Supplied entries:
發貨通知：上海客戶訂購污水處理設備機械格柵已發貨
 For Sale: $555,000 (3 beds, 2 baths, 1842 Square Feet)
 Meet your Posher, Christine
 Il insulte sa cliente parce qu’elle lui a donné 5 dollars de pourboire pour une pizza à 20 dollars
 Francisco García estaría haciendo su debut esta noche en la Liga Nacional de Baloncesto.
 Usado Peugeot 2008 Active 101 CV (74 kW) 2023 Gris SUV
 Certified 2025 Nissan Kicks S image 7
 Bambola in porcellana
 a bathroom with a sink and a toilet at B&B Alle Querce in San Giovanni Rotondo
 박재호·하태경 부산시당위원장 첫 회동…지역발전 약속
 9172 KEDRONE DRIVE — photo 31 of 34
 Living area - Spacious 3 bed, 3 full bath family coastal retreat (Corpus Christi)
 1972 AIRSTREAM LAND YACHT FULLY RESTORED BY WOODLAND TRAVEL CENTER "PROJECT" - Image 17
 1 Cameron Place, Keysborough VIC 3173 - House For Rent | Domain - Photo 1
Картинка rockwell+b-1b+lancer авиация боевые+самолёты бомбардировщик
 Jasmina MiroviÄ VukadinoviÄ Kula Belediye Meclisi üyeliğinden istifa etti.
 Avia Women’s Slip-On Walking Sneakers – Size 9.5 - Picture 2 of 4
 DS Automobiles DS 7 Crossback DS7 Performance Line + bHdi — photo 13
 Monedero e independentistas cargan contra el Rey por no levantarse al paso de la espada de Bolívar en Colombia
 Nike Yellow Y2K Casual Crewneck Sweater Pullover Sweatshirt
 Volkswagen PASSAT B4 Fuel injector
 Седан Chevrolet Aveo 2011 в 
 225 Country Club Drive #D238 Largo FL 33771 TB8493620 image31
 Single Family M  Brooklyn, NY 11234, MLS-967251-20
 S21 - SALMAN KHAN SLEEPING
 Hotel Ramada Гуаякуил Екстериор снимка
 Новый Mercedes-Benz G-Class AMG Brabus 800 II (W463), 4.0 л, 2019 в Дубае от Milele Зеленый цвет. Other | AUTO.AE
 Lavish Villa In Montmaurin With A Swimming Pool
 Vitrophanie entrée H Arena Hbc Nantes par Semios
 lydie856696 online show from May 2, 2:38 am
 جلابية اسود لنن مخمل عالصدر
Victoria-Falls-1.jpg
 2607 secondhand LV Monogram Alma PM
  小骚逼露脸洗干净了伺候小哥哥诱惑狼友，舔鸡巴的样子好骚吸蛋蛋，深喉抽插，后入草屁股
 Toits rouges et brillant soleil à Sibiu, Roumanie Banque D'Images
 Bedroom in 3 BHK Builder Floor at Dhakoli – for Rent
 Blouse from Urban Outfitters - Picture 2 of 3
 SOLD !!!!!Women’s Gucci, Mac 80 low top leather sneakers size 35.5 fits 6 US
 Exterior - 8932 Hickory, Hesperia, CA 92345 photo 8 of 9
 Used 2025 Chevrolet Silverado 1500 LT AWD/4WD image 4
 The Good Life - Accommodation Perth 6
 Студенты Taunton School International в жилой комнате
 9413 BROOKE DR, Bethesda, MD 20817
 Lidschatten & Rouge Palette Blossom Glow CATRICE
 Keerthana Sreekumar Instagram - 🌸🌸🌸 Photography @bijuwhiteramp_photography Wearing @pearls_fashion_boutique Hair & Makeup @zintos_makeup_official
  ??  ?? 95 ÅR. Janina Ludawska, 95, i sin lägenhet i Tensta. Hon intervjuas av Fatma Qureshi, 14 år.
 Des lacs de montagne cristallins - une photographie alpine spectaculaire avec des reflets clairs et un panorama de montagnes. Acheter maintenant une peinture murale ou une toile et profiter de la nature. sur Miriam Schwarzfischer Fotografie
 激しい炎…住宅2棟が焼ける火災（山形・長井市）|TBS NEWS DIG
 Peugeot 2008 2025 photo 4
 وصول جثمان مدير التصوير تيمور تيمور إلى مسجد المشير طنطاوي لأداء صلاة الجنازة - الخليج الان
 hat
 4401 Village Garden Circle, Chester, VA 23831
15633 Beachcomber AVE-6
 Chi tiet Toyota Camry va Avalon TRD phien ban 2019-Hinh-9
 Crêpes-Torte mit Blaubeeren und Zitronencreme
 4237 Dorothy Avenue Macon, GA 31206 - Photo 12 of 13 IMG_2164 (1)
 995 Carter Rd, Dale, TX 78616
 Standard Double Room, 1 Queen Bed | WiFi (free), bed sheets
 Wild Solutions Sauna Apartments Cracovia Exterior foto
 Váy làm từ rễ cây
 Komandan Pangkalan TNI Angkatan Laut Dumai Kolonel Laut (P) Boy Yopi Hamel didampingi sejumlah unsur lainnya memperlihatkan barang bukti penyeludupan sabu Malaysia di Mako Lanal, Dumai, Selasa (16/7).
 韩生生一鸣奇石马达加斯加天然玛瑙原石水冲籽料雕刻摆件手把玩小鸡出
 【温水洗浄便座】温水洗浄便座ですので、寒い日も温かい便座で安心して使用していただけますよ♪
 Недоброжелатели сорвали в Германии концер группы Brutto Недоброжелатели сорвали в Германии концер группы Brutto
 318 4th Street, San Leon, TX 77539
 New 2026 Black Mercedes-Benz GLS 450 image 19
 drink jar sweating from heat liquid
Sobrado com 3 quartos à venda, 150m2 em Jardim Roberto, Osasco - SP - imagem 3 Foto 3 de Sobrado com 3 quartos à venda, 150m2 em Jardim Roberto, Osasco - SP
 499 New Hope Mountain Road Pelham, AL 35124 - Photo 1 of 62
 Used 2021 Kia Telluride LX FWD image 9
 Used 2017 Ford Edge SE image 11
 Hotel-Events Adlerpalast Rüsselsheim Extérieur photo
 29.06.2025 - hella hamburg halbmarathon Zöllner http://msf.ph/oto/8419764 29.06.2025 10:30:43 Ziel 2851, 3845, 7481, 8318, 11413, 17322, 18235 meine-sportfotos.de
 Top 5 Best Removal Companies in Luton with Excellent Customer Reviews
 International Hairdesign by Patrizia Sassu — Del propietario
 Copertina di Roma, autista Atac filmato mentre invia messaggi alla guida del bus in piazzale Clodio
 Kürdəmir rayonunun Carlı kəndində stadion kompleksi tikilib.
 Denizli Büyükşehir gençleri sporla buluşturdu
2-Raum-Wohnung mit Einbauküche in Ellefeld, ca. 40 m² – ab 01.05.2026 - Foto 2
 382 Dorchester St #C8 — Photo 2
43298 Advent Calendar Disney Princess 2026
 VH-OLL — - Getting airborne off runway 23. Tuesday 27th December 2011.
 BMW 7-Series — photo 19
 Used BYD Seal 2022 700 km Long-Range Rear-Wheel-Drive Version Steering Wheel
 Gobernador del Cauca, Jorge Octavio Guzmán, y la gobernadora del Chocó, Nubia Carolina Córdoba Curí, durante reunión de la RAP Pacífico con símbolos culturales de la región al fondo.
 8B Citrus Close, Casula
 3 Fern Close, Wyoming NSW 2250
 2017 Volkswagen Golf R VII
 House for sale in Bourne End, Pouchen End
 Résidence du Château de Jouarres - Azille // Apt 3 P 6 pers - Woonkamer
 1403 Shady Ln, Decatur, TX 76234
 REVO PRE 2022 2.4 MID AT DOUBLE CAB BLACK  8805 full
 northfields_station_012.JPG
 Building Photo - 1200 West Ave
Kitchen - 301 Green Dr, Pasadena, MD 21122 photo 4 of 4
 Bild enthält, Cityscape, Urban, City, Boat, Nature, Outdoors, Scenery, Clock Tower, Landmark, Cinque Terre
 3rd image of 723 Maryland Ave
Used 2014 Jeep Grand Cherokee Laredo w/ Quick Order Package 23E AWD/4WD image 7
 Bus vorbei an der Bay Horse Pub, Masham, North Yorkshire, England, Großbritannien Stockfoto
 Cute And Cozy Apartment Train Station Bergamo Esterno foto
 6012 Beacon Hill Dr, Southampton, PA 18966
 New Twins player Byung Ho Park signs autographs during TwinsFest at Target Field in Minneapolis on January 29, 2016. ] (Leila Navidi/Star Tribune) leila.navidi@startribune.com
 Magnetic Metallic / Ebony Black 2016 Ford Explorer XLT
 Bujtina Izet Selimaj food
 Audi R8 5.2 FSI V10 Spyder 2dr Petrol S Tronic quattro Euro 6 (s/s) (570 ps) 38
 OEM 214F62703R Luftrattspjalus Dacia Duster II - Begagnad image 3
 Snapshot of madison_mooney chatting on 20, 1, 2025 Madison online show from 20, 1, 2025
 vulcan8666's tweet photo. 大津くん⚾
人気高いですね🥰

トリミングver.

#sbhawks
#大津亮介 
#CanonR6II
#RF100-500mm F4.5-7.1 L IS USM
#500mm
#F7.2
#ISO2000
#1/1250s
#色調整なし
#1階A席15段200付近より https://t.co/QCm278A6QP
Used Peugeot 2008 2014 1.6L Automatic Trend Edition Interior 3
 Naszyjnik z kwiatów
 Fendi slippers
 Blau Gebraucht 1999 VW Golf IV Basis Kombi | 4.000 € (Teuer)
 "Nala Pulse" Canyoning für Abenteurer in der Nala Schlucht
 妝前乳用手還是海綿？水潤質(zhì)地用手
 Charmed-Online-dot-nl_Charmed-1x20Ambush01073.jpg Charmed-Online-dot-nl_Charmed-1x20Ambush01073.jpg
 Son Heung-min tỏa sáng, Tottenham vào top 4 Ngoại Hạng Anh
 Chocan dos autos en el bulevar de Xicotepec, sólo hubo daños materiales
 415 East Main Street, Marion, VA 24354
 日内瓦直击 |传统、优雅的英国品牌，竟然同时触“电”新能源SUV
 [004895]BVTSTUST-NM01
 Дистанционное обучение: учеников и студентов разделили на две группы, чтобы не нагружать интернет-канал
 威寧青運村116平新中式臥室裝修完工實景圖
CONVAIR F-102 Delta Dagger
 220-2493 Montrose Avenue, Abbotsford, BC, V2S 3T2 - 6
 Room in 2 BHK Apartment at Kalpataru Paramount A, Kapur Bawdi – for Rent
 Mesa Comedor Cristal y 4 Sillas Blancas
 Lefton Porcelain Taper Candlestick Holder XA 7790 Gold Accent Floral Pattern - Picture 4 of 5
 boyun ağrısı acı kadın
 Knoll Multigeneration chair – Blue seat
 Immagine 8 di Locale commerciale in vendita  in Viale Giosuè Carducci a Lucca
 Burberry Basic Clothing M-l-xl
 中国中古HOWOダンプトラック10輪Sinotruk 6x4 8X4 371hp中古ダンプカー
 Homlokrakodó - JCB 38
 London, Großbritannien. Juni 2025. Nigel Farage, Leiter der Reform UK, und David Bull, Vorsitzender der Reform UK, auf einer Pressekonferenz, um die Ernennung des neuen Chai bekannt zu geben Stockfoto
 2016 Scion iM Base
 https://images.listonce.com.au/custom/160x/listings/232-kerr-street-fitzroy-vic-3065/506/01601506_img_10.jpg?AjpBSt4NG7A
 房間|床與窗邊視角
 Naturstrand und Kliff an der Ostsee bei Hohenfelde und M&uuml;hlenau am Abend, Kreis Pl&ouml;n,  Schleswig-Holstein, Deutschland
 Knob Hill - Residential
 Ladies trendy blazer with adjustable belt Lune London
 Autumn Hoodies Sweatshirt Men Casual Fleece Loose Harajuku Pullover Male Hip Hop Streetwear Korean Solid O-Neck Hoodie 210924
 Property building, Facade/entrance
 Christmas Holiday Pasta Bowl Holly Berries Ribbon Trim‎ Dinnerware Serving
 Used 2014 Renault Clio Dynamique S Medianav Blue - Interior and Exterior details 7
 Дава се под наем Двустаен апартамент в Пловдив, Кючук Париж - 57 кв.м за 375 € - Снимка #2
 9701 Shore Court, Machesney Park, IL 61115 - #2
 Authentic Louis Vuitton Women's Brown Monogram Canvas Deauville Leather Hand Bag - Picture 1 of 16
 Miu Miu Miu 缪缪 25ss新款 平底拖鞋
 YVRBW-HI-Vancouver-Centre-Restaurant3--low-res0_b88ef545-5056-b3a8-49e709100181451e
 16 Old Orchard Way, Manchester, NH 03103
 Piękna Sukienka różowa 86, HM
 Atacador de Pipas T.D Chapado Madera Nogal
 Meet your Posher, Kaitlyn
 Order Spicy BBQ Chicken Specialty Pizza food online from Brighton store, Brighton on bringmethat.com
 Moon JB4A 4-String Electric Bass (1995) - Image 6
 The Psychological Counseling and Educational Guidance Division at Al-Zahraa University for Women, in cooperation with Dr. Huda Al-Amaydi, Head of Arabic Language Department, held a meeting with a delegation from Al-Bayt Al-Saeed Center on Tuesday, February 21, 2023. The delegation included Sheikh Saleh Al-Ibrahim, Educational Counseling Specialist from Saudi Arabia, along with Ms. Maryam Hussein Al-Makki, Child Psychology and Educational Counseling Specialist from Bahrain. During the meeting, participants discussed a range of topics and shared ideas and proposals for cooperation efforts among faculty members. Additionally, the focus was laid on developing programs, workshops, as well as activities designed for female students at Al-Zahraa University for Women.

Directions for this task:
Lines from the one with "Christmas Holiday Pasta" through the end of the data: set these down exactly, including both ends and nothing more.

Response area:
 Christmas Holiday Pasta Bowl Holly Berries Ribbon Trim‎ Dinnerware Serving
 Used 2014 Renault Clio Dynamique S Medianav Blue - Interior and Exterior details 7
 Дава се под наем Двустаен апартамент в Пловдив, Кючук Париж - 57 кв.м за 375 € - Снимка #2
 9701 Shore Court, Machesney Park, IL 61115 - #2
 Authentic Louis Vuitton Women's Brown Monogram Canvas Deauville Leather Hand Bag - Picture 1 of 16
 Miu Miu Miu 缪缪 25ss新款 平底拖鞋
 YVRBW-HI-Vancouver-Centre-Restaurant3--low-res0_b88ef545-5056-b3a8-49e709100181451e
 16 Old Orchard Way, Manchester, NH 03103
 Piękna Sukienka różowa 86, HM
 Atacador de Pipas T.D Chapado Madera Nogal
 Meet your Posher, Kaitlyn
 Order Spicy BBQ Chicken Specialty Pizza food online from Brighton store, Brighton on bringmethat.com
 Moon JB4A 4-String Electric Bass (1995) - Image 6
 The Psychological Counseling and Educational Guidance Division at Al-Zahraa University for Women, in cooperation with Dr. Huda Al-Amaydi, Head of Arabic Language Department, held a meeting with a delegation from Al-Bayt Al-Saeed Center on Tuesday, February 21, 2023. The delegation included Sheikh Saleh Al-Ibrahim, Educational Counseling Specialist from Saudi Arabia, along with Ms. Maryam Hussein Al-Makki, Child Psychology and Educational Counseling Specialist from Bahrain. During the meeting, participants discussed a range of topics and shared ideas and proposals for cooperation efforts among faculty members. Additionally, the focus was laid on developing programs, workshops, as well as activities designed for female students at Al-Zahraa University for Women.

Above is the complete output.